TASK PROMPT:
Only reproduce the lines from the line containing "Thomas Buchanan Read" onward, exactly, through the final line of the data below.

------------

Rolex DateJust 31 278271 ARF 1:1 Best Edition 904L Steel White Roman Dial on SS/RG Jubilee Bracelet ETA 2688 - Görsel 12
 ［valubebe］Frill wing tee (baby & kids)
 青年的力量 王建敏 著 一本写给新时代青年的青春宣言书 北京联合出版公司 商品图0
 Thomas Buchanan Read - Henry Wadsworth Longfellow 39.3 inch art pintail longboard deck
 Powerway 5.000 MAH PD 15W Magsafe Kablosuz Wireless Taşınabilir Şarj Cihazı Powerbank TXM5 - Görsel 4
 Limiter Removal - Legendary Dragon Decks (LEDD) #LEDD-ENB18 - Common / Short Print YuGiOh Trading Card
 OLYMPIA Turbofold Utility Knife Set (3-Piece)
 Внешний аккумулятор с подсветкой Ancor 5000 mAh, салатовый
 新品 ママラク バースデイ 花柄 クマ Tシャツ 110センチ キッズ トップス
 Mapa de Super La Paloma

------------

TASK SOLUTION:
 Thomas Buchanan Read - Henry Wadsworth Longfellow 39.3 inch art pintail longboard deck
 Powerway 5.000 MAH PD 15W Magsafe Kablosuz Wireless Taşınabilir Şarj Cihazı Powerbank TXM5 - Görsel 4
 Limiter Removal - Legendary Dragon Decks (LEDD) #LEDD-ENB18 - Common / Short Print YuGiOh Trading Card
 OLYMPIA Turbofold Utility Knife Set (3-Piece)
 Внешний аккумулятор с подсветкой Ancor 5000 mAh, салатовый
 新品 ママラク バースデイ 花柄 クマ Tシャツ 110センチ キッズ トップス
 Mapa de Super La Paloma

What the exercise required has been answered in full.